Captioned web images
• • • • • • •

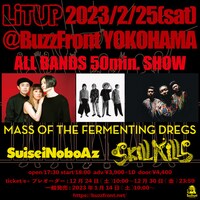 「Lit up - BuzzFront KOKERAOTOSHI -」告知ビジュアル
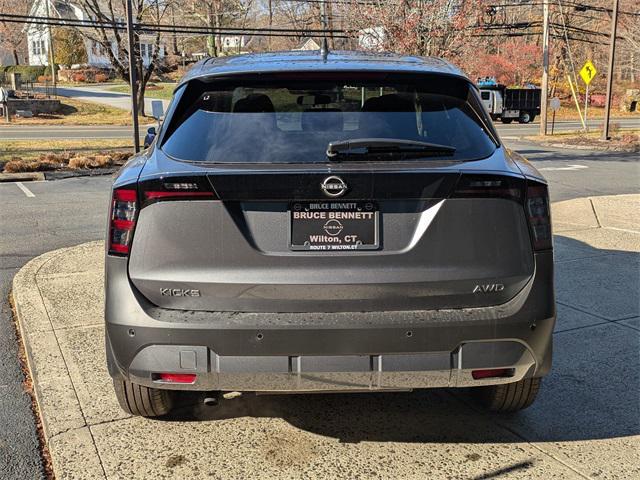 new 2025 Nissan Kicks car, priced at $27,160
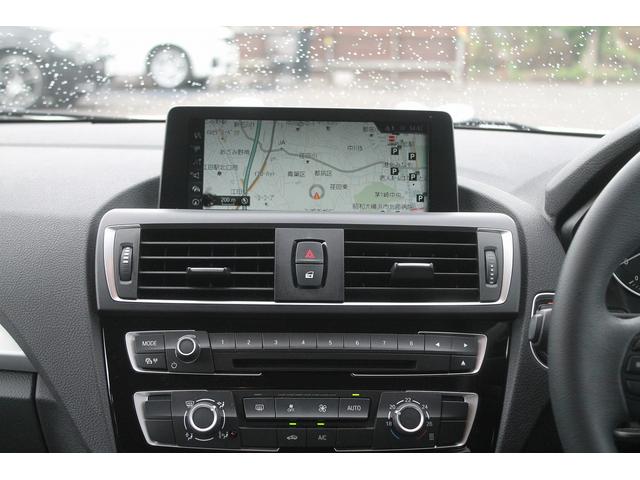 １シリーズ １１８ｄ　スタイル　ワンオーナー　後期　２Ｌディーゼルターボ　８速電子ＡＴ　走行３．７万キロ　ハーフレザー　ＬＥＤヘッドライト　衝突軽減ブレーキ　純正ＨＤＤナビ　バックカメラ　パークセンサー　クルーズコントロール　禁煙車（31枚目）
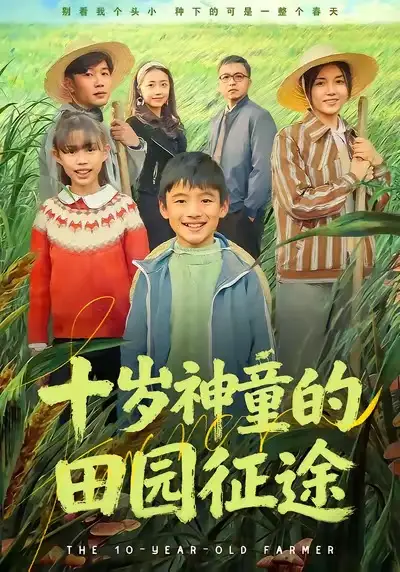 《十岁神童的田园征途（63集）雪儿＆刘艺赫》短剧全集免费在线观看-CD网盘社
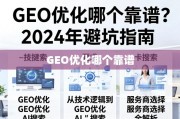 2024年GEO优化避坑指南，从技术逻辑到服务商选择全解析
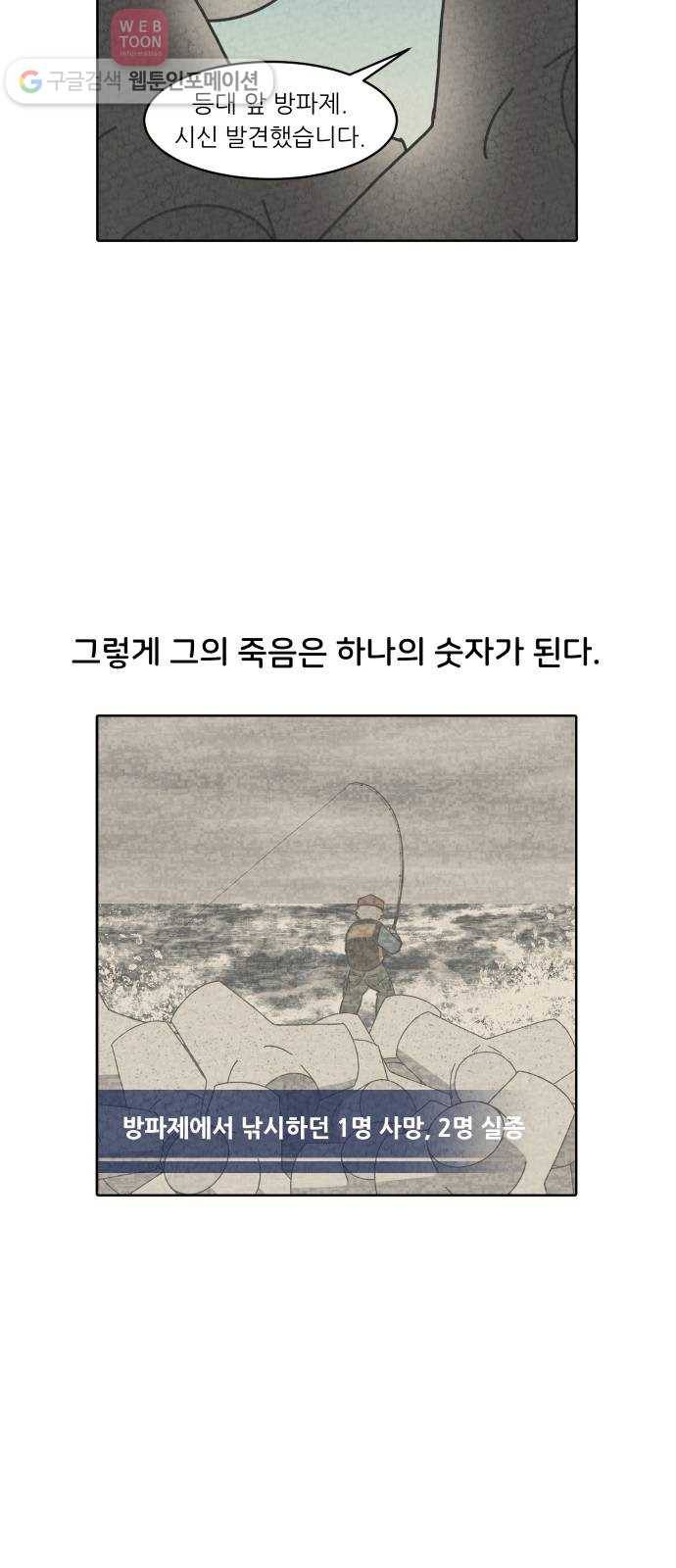 닥터앤닥터 육아일기 121. 간병 3 20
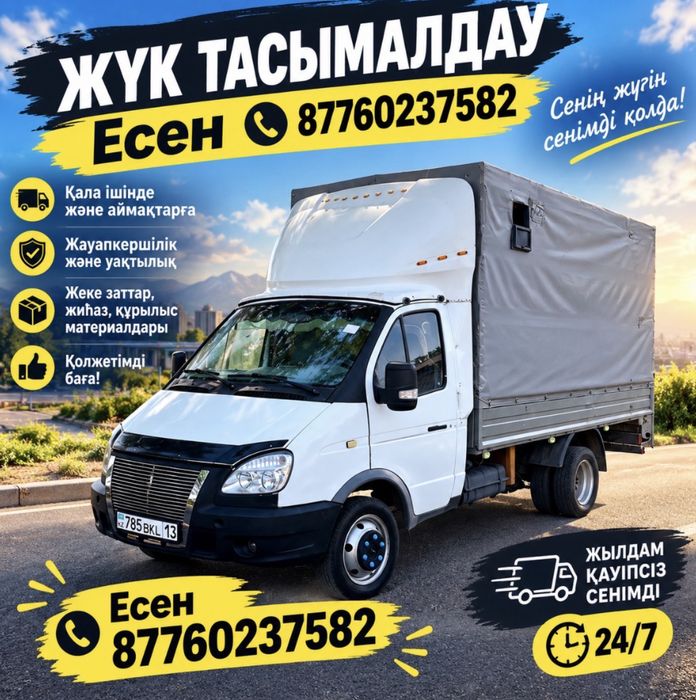 Вывоз мусор недорога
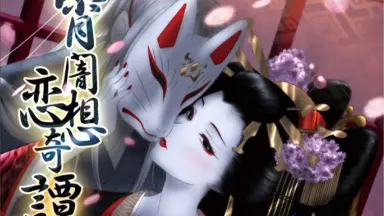 宵闇恋想奇譚-哔哩哔哩_Bilibili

• • • • • • •

Your assignment
Pictures are to be left out when the entries above are repeated exactly.

Solution to this problem
 「Lit up - BuzzFront KOKERAOTOSHI -」告知ビジュアル
 new 2025 Nissan Kicks car, priced at $27,160
 １シリーズ １１８ｄ　スタイル　ワンオーナー　後期　２Ｌディーゼルターボ　８速電子ＡＴ　走行３．７万キロ　ハーフレザー　ＬＥＤヘッドライト　衝突軽減ブレーキ　純正ＨＤＤナビ　バックカメラ　パークセンサー　クルーズコントロール　禁煙車（31枚目）
 《十岁神童的田园征途（63集）雪儿＆刘艺赫》短剧全集免费在线观看-CD网盘社
 2024年GEO优化避坑指南，从技术逻辑到服务商选择全解析
 닥터앤닥터 육아일기 121. 간병 3 20
 Вывоз мусор недорога
 宵闇恋想奇譚-哔哩哔哩_Bilibili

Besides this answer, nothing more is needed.